History
- A Travel Fellowship Scheme that annually paired a teacher with an academic and sent them on an overseas research trip to Shakespeare-related educational and cultural sites. On return, they shared their insights with colleagues in Sydney.
- The teaching of two University of Sydney postgraduate modules on Shakespeare on site at the school (rather than on the University’s campus). These modules attracted teachers from a range of schools in the local area to commence and complete postgraduate coursework degrees.
- A conference, ‘Drawing out Shakespeare: Shakespeare and Education, Then and Now’ (2010), co-hosted with the Australia and New Zealand Shakespeare Association. This led to the co-edited book, Teaching Shakespeare beyond the Centre: Australasian Perspectives (Palgrave Macmillan, 2013).
- An academic-in-residence program that enabled academics to spend full days on the school campus in order to explore new teaching and learning ideas with teachers and their classes. This scheme produced resources that were made available to teachers via publication in mETAphor and now on this website.
- The ‘Unlearning Shakespeare’ symposium which was co-convened by Jane Coles and Liam Semler at Oxford Brookes University (UK) (2012) and the ‘Radical Shakespeare Pedagogy’ roundtable co-hosted with the Shakespeare Institute, University of Birmingham, Stratford-upon-Avon (2012).
- Published research into the relationships between formal learning systems, creativity, complexity and the neoliberal educational context.
- The creation and pilot of the Shakespeare Imaginarium as a free, accredited, professional learning course for teachers.

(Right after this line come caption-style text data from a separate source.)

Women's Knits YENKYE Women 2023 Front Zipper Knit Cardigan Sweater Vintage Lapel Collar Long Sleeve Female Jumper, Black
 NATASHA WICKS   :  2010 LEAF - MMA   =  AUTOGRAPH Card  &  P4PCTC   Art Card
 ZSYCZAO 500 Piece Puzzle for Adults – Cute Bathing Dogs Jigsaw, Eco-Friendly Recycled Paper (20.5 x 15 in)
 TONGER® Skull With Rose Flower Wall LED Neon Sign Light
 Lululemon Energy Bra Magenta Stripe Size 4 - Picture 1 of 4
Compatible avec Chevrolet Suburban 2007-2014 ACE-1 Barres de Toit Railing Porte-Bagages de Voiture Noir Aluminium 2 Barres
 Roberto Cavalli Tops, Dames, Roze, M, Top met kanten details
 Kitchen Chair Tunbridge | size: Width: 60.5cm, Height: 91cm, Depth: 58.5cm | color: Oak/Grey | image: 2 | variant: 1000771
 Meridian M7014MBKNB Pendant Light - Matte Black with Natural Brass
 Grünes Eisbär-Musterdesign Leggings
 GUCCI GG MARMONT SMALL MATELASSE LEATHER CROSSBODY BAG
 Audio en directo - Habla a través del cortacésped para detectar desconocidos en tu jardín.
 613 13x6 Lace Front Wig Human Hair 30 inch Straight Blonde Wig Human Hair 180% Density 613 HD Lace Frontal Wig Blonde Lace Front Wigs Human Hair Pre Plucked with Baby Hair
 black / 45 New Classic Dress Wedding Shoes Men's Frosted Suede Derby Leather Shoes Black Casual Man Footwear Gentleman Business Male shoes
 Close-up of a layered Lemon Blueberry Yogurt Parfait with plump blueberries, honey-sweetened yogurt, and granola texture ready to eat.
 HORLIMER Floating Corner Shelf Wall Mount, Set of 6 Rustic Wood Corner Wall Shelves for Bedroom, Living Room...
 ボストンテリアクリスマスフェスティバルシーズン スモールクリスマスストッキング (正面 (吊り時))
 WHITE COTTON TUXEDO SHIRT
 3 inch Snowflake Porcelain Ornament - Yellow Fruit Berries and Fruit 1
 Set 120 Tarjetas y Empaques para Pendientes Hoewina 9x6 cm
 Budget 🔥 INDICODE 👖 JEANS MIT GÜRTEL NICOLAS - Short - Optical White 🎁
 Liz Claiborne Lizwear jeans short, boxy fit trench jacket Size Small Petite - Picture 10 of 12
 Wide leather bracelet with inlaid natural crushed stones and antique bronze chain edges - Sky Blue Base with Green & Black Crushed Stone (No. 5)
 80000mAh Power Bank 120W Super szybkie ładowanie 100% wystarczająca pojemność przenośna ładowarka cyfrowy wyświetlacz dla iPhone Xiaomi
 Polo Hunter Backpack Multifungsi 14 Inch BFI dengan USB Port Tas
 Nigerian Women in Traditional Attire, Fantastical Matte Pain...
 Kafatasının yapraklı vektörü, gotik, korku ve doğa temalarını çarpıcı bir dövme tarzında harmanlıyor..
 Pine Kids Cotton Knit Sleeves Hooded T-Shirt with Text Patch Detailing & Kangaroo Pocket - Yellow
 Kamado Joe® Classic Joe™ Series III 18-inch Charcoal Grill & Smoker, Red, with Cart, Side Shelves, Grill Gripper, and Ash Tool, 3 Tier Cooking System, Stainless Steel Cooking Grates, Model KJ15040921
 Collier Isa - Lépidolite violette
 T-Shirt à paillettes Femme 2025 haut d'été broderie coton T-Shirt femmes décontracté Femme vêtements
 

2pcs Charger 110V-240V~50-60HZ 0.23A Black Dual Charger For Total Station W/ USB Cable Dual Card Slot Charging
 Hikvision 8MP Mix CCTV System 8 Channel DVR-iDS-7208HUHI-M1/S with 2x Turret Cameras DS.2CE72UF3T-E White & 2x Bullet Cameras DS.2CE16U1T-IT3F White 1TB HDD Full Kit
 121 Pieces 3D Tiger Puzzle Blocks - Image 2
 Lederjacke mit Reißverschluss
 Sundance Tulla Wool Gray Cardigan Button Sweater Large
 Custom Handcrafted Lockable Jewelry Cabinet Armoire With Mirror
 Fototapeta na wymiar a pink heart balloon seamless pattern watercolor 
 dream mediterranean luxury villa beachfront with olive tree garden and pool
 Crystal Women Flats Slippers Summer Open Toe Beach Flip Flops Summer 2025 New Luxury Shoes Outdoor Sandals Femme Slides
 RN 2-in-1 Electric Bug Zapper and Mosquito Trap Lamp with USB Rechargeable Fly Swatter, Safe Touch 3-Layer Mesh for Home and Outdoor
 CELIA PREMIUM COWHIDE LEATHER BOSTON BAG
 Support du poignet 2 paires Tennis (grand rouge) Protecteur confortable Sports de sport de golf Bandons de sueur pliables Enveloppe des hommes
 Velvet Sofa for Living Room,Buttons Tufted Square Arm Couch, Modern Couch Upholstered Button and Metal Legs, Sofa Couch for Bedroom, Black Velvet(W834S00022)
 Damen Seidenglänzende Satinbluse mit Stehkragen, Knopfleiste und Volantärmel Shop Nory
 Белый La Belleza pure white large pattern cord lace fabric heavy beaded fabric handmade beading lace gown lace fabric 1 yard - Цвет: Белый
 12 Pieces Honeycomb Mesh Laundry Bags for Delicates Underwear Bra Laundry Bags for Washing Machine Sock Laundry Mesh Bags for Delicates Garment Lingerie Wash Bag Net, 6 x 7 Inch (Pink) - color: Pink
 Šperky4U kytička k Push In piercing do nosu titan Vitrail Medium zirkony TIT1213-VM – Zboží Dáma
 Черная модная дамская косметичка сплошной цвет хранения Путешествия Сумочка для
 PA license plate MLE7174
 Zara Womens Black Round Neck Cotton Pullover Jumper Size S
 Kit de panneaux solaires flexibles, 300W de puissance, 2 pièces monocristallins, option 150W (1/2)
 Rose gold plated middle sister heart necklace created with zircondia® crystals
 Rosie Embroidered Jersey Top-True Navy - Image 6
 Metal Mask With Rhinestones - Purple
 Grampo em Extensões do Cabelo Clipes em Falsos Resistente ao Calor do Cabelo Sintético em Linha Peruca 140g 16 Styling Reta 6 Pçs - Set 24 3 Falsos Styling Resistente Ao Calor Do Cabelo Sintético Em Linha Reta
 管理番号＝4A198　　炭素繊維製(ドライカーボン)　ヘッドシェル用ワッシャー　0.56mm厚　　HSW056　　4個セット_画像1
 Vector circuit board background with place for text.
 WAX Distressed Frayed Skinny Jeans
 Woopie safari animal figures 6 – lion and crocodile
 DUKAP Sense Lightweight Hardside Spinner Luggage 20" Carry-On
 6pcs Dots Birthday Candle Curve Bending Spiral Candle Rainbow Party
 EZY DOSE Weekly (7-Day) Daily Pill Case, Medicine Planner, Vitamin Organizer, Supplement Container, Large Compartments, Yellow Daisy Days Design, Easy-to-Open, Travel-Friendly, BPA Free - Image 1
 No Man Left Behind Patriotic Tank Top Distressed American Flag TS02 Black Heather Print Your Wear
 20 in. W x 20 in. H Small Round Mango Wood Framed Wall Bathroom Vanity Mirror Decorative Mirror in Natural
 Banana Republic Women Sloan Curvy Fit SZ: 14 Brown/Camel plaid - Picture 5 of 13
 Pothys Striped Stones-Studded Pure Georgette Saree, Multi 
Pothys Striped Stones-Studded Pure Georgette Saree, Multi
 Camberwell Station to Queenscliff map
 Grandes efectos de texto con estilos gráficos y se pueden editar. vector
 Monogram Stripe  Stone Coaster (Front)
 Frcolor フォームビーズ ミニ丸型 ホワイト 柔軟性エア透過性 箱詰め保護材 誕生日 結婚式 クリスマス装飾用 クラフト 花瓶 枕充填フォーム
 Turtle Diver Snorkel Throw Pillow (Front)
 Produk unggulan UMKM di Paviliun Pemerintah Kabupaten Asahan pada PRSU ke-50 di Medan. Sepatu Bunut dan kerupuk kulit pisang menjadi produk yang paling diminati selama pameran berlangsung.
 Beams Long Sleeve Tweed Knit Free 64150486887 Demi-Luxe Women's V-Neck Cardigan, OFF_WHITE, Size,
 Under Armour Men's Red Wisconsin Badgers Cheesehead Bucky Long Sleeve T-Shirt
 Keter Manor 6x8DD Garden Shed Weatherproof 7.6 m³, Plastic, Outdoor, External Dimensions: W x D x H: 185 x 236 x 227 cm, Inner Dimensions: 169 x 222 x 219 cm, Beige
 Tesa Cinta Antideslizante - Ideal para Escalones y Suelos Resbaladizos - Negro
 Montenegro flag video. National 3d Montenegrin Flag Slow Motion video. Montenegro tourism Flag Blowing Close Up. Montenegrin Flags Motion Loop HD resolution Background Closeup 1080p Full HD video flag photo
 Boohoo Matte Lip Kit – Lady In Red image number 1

In 2015 a new Imaginarium series called Shakeserendipity was piloted at Barker College before being launched online in April 2016. In 2016 a new professional learning initiative called the Teaching and Learning Caskets Imaginarium was piloted at the school. This enabled English teachers to discuss recent scholarly articles on educational ideas and practices. At the end of 2016 the team published a digital game called Shakespeed which uses the same game mechanics as Shakeserendipity, but all its linked resources are short, open-access videos. In 2016 six members of the Better Strangers team (including a schoolteacher from our partner school) presented papers and ran a workshop at the British Shakespeare Association Conference in Hull, England.